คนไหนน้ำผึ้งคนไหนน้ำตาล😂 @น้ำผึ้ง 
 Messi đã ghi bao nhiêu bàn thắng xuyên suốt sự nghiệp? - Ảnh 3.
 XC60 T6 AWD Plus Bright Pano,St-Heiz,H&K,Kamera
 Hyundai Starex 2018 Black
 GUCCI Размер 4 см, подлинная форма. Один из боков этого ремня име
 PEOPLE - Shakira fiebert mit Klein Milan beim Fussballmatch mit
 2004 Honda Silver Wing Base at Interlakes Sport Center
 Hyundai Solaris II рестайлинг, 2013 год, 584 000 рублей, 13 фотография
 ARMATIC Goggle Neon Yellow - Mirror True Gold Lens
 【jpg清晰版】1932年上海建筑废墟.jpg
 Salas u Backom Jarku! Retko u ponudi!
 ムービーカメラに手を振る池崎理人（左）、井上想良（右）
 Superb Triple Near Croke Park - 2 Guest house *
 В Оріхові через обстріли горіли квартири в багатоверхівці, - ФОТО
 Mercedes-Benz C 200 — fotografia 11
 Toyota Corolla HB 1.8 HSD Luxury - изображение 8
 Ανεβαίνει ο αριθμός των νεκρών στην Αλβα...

_YOUR GOAL_
Return the material exactly as it stands above, but only from its first line to the line containing "2004 Honda Silver", both ends included.

_EXERCISE RESPONSE_
คนไหนน้ำผึ้งคนไหนน้ำตาล😂 @น้ำผึ้ง 
 Messi đã ghi bao nhiêu bàn thắng xuyên suốt sự nghiệp? - Ảnh 3.
 XC60 T6 AWD Plus Bright Pano,St-Heiz,H&K,Kamera
 Hyundai Starex 2018 Black
 GUCCI Размер 4 см, подлинная форма. Один из боков этого ремня име
 PEOPLE - Shakira fiebert mit Klein Milan beim Fussballmatch mit
 2004 Honda Silver Wing Base at Interlakes Sport Center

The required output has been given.